** WORK ORDER **
Aim for an exact copy of the listing, without any images.

** RECORDED INFORMATION **

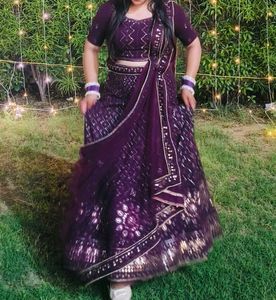 Elegant wine lahenga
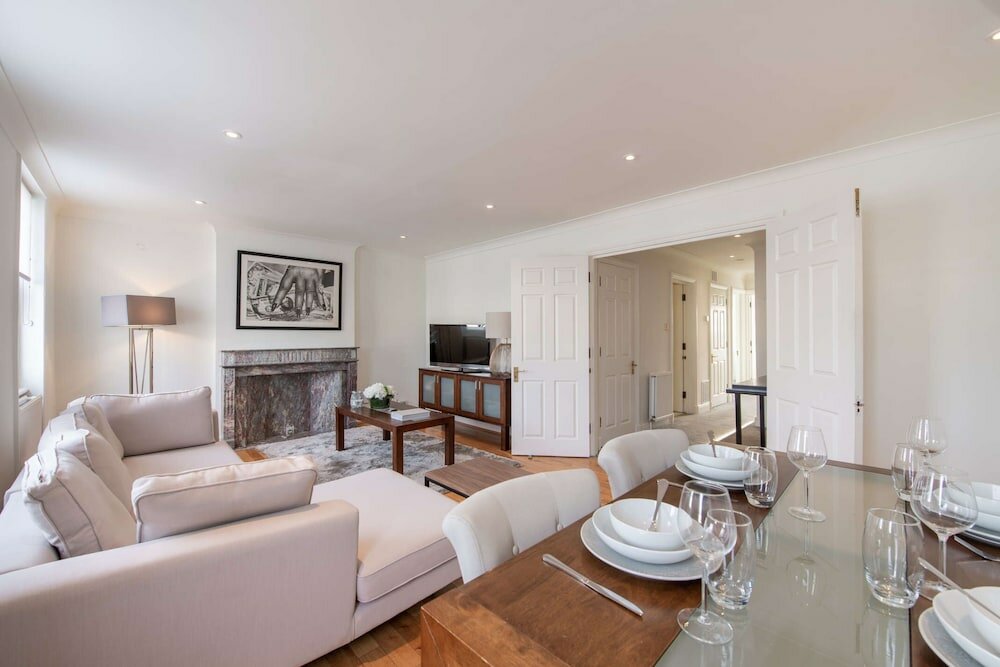 Фото Somerset Court Apartments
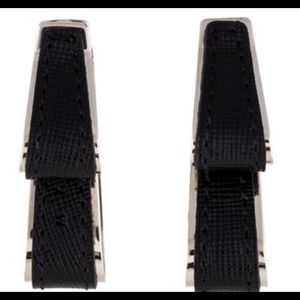 Beautiful black and silver earrings. 2.1 x0.6in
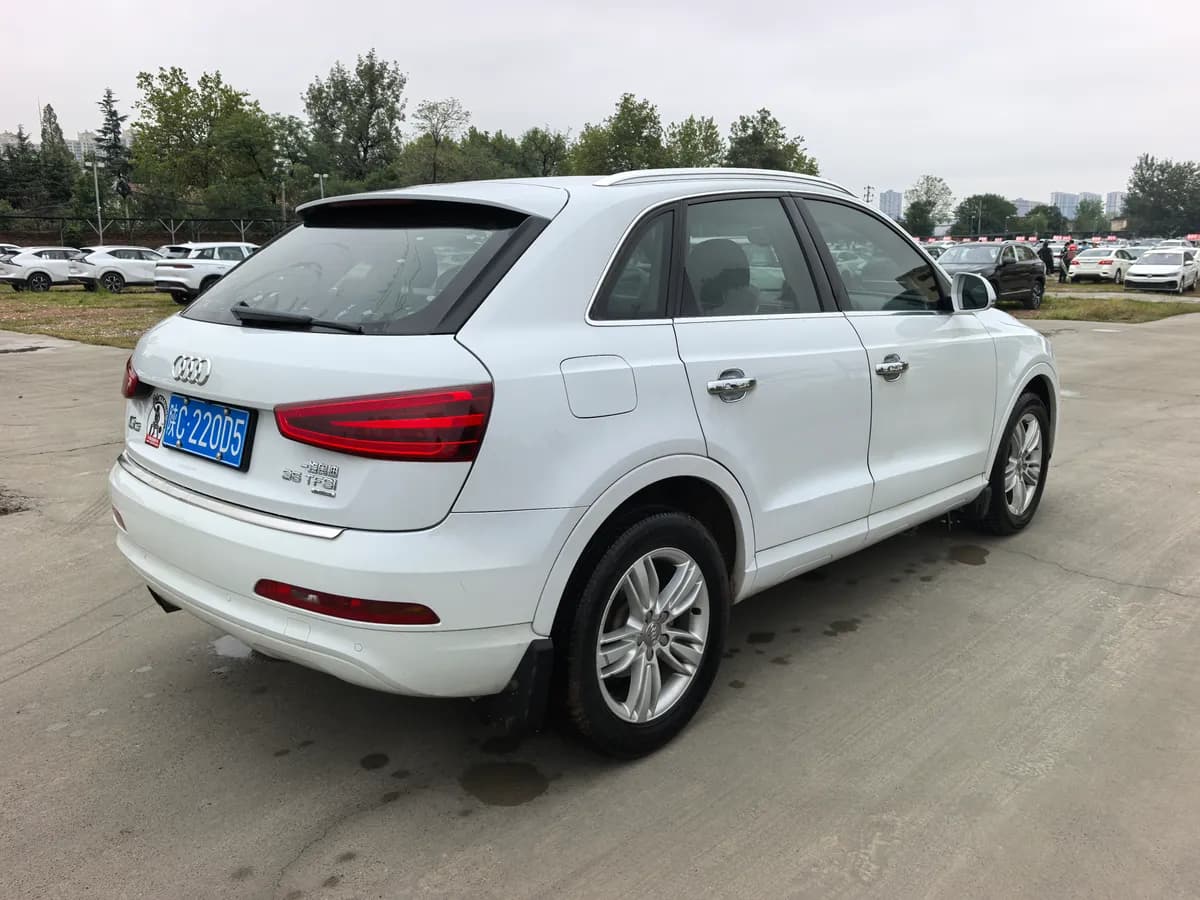 Audi Q3 2015 35 TFSI quattro 10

** RESULT OF THE TASK **
 Elegant wine lahenga
 Фото Somerset Court Apartments
 Beautiful black and silver earrings. 2.1 x0.6in
 Audi Q3 2015 35 TFSI quattro 10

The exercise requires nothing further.